Ist ja auch so, daß ich die ständige Vergleicherei für überflüssig halte. Bei mir führt(e) sie oft dazu, daß ich mich weniger gut fühle, mich dabei sogar selbst abwerte. Das beobachte ich auch bei anderen Menschen, bei Fremden und Bekannten. Selbst bei einigen, denen ich zu ersten Mal begegne, glaube ich das wahrnehmen zu können. Und ich vermute, daß die Vergleicherei nicht gerade unschuldig ist an dem wachsenden Egoismus, der m. M. n. so ziemlich überall vermehrt anzu­treffen ist oder sogar überhandnimmt. „Ich! Ich! Ich!” Das ist der Kampfschrei derer geworden, die eigentlich von Vielem mehr als genug haben, um es ohne Verluste teilen zu können. Fallen da die Einzelne, der Einzelne die da nicht mitbrüllen, überhaupt noch auf? Und muß, wer nicht mitbrüllt, wirklich leer ausgehen oder sich mit den bei der Verteilung herun­ter­fallenden Brosamen, mit wenigen übriggebliebenen Resten zufriedengeben, abfinden? Die gegenseitige Hilfe, die nach den Erzählungen unserer Großeltern und Eltern nach dem Krieg für viele Jahre allgemein üblich, ja, sogar ziemlich selbst­ver­ständlich war (und hier noch länger als dort), die scheint es einfach nicht mehr zu geben. (Außer unter den Ärmsten der Armen: Die, die wenig haben, teilen mehr und häufiger als die, die mehr als genug haben.) Ich jedenfalls teile auch, ich teile auch ungefragt und unaufgefordert, das ist für mich noch immer Herzensangelegenheit.

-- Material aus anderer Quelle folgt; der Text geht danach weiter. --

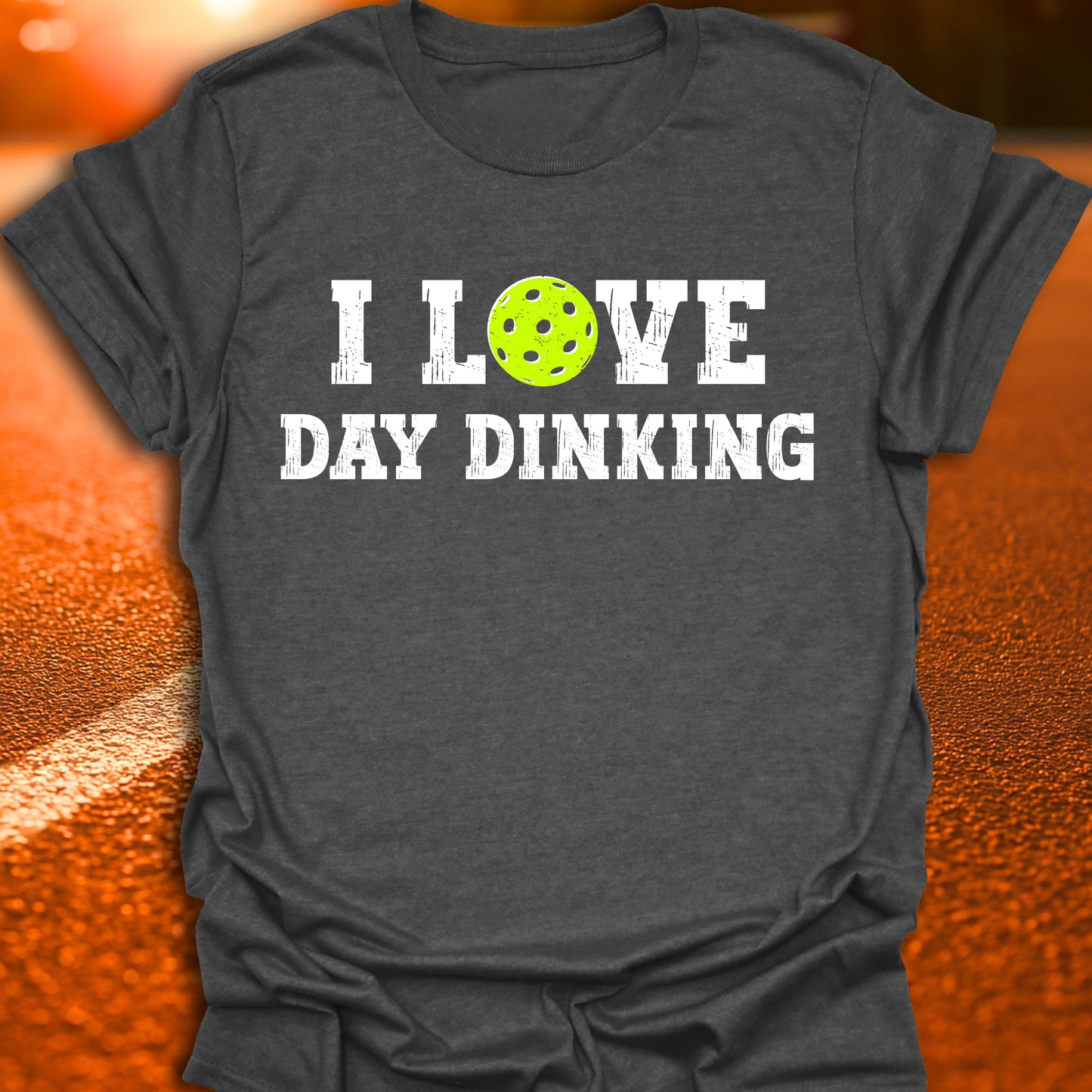 I Love Day Dinking Pickleball T-Shirt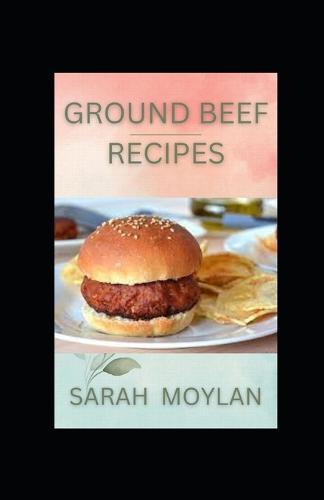 Ground Beef Recipes: Timeless, Classic and Delicious Homemade Ground Beef Cookbook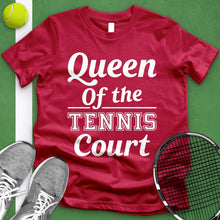 Load image into Gallery viewer, Queen Of The Tennis Court Tee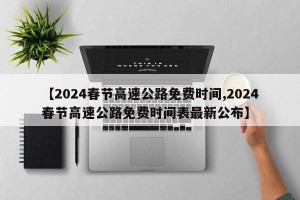 【2024春节高速公路免费时间,2024春节高速公路免费时间表最新公布】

Ich war dann doch noch in der Stadt. Sah wieder einen mit „Zu verschenken” beschriebenen Karton voller Bücher. Eines, eines nur davon nahm ich mit: Heinrich Heines „Buch der Lieder”. Vom Insel Verlag Anton Kippenberg in Leipzig 1967 in 13. Auflage herausgegeben, gesetzt, gedruckt und gebunden vom VEB Offizin Andersen Nexö in Leipzig mit der Schrift Walbaum-Antiqua. Sogar die Schriftart steht da im Impressum – das würde ich mir für heutige Bücher auch wünschen! Das von Heine selbst verfaßte Vorwort zur dritten Auflagen (von 1839) ist zur Hälfte in gereimten Versen gefaßt, und dieser Umstand war es, der mich dieses Buch und nur dieses Buch mitnehmen ließ. Es ist kein Werk, das in einem Rutsch gelesen werden wird; das schaffe ich bei Gedichtbänden nie. Aber schon in der Straßenbahn fiel mir XXXIII auf: „Ein Fichtenbaum steht einsam / Im Norden auf kahler Höh.” (Lyrisches Intermezzo)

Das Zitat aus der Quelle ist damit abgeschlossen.